As a rule, gaming doesn't exactly nurture the pink healthy parts of my personality. It's all about dolo time: headshots to zombies, shanking German Shepards, or pretending to be a medieval boy. I don't game to strengthen my core, or learn how to chop veggies, or sing about yellow submarines (although that's all good clean fun). But can a little infared camera change me into a more well-rounded and socialized gamer? Maybe not, but at least Project Natal, Xbox's "next big thing," will get me off the couch.

The add-on device sits under your TV, much like the Nintendo Wii sensor bar, and works with any Xbox 360. New games will be custom-developed to work with the camera, and Xbox says that all the heavyweight developers—Ubisoft, EA, Capcom, etc.— will have Natal-compatible games ready for the Holiday 2010 launch. During the demo, which I shared with a crew of burly Daily Show producers, we tested Ricochet, a game that they described as being "Human Breakout" but ended up being kinda like kickball X "smear the q----r" X bowling.

ricochet

I stepped up to the TV, and my mirror image immediately appeared onscreen—and by "mirror image," I mean "an outline of a teenage girl with long hair, wide-leg rave jeans and heelies." The sensor can tell if you're a man or woman, longhaired or shorthaired, and give you instant club gear and an inoffensive bodyshape. (Of course, I immediately started plotting to confuse the sensor with a wide-hipped guy friend.) In the game, I hit a bunch of kickballs through layers of barricades, using any part of my body to keep the balls bouncing back and forth. It was fun...and funny, I'm sure, for anyone watching me. One thing that will become clear once Project Natal becomes the new standard for motion gaming: body coordination is verrrrry different from hand-eye coordination—and isn't it the lack of the former that drives many of us to their couches and consoles in the first place?

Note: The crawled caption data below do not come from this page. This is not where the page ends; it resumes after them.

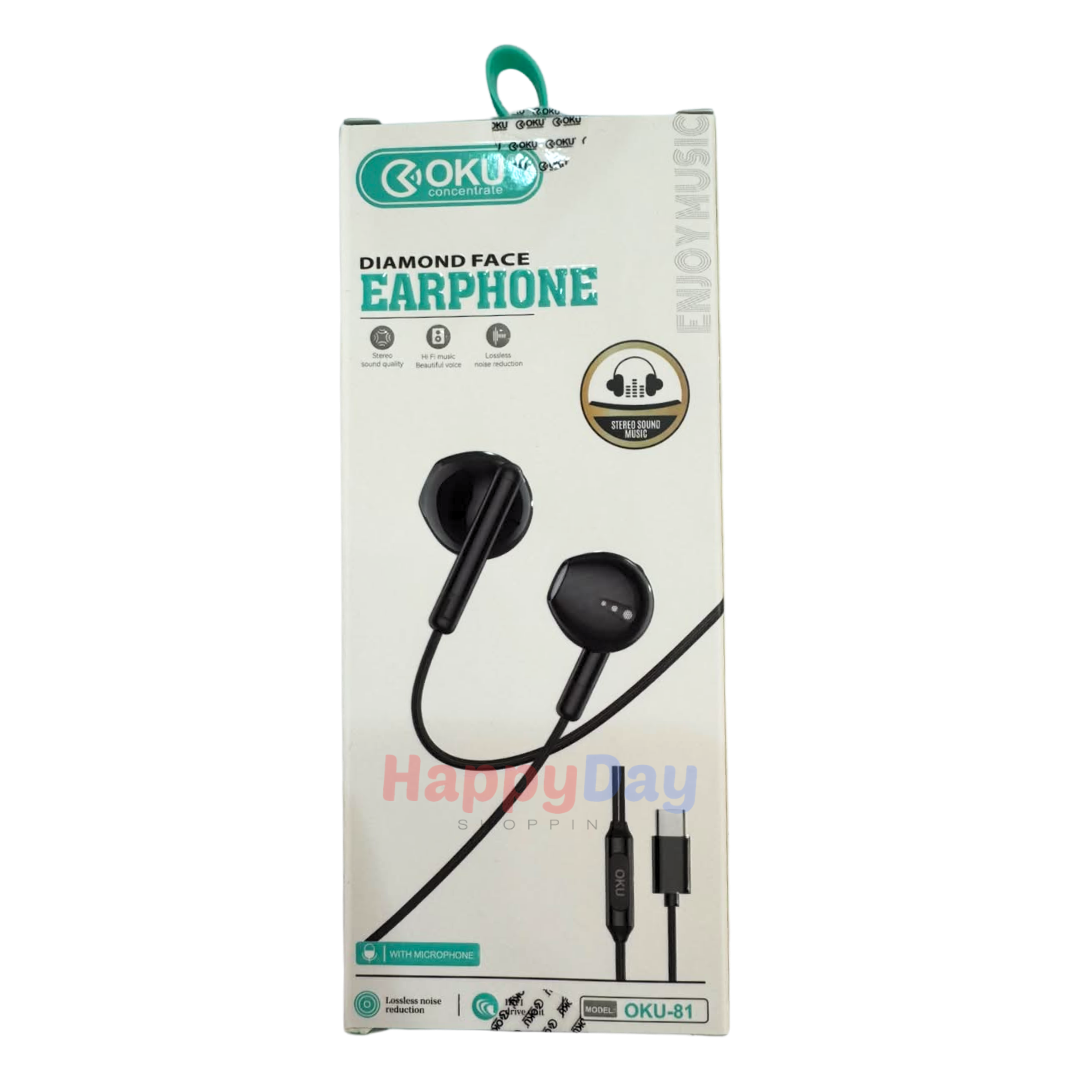 OKU Earphones Diamond Face - Black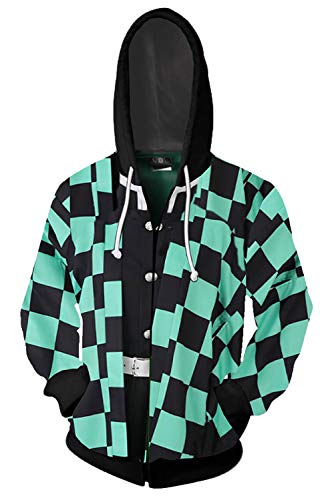 Baycon Anime Hoodies Cosplay Costume Zip up Jacket Sweatshirt Top (L, Kamado Tanjirou)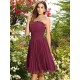 Charming Strapless Pleats Sleeveless Short Chiffon Bridesmaid Dresses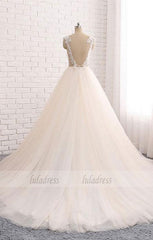 Custom made round neck lace tulle long prom gown, wedding dress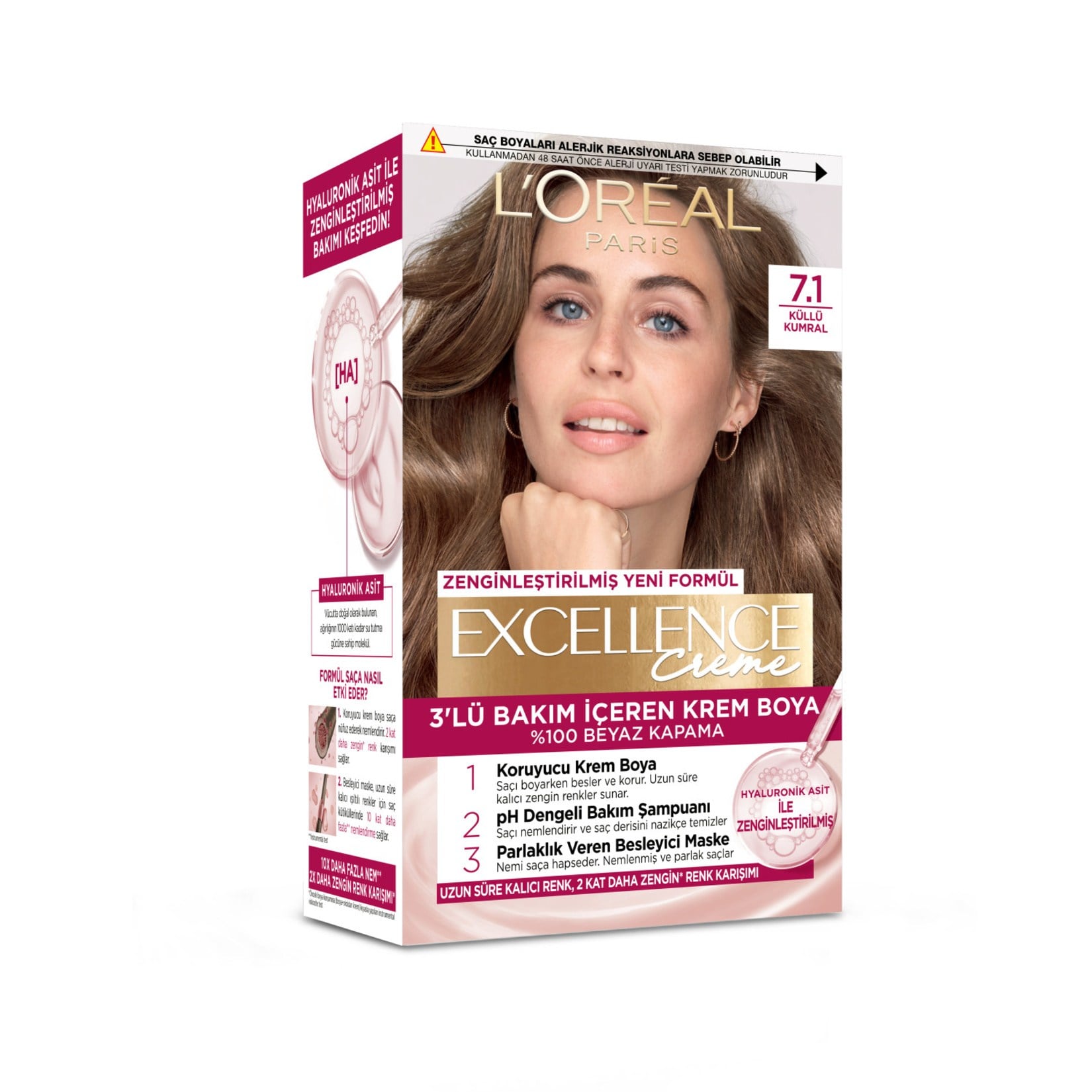 L'Oréal Paris Excellence Creme 7.1 Küllü Kumral Saç Boyası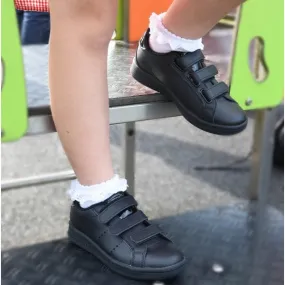 Skechers 84474L/BBK OMNE SCHOLASTIC STYLE Girls Touch Fasten School Trainers Black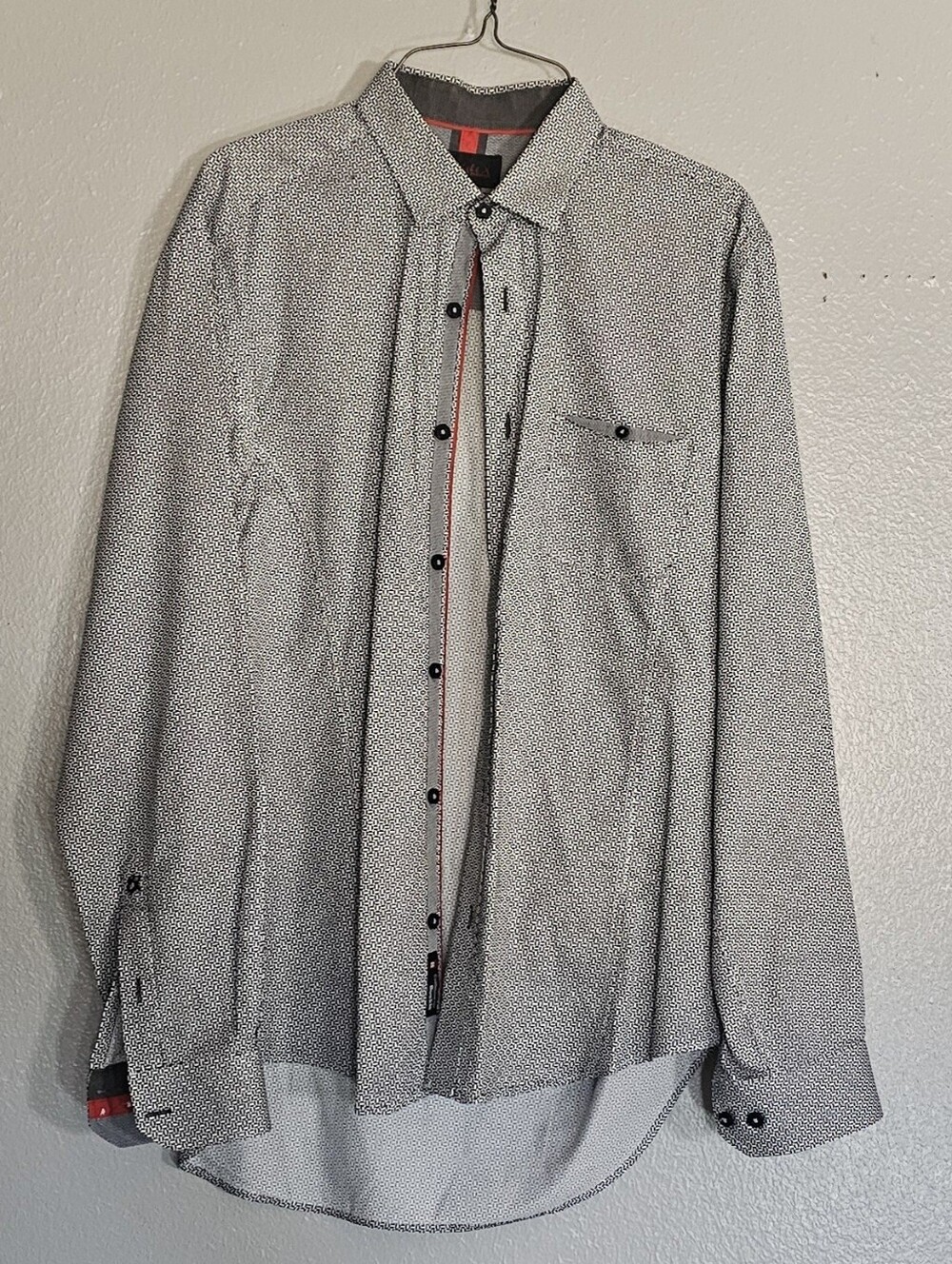 Buckle Black & White Geometric Print Shirt with Red Trim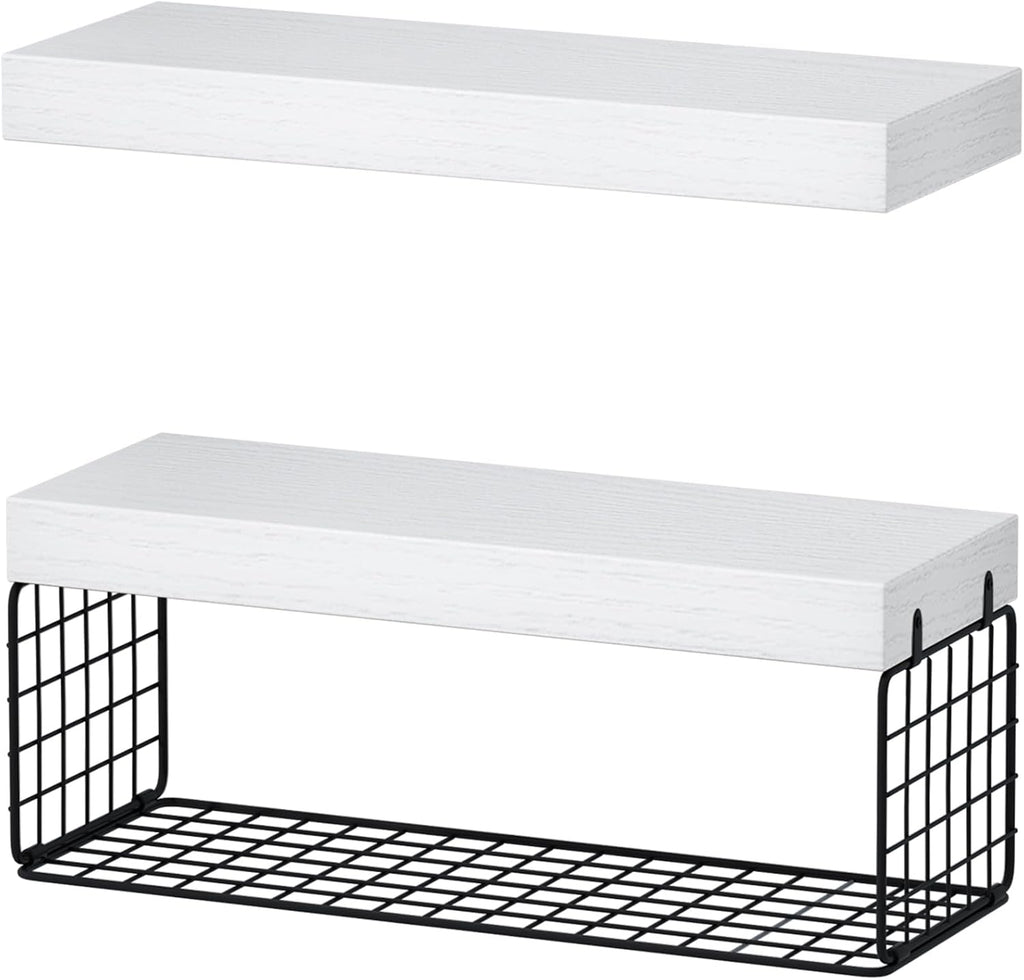 QEEIG Bathroom Shelves Over Toilet Wall (White and Black, Set of 2, 15.7")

Also, the freedom of full-body participation came at the cost of game feedback. Unlike with Wii Tennis, there was no controller vibration to tell me I hit the ball's sweet spot. In a driving game, how would I know if I ran over an ethnic stereotype? The possibilities are endless with Natal when it comes to teaching players new dances, or even making sure that yoga positions are done right. Clearly, this is the device that's going to let Xbox address everyone from Wii's casual party gamer to the PS3's hardcore RPG fans. But will I ever fill comfortable making gun fingers to play Modern Warfare 2, Project Natal style? Absolutely not.

But on the other hand, I'm definitely looking forward to the ways that Project Natal could change social networking on Xbox Live. The current webcam is only good for taking a quick pic and using it as your avatar. Lame. But will Natal's camera enable live "ustreaming" while gaming? Or will you be able to insert your full-body avatar into an actual game? (Maybe a real-time dance-off against a faraway nemesis?) Xbox reps say all types of features are in the works, and that Project Natal's voice recognition will let you control your console without controllers. So wait... this may mean the end of those humiliating headsets? THAT'S innovation, people.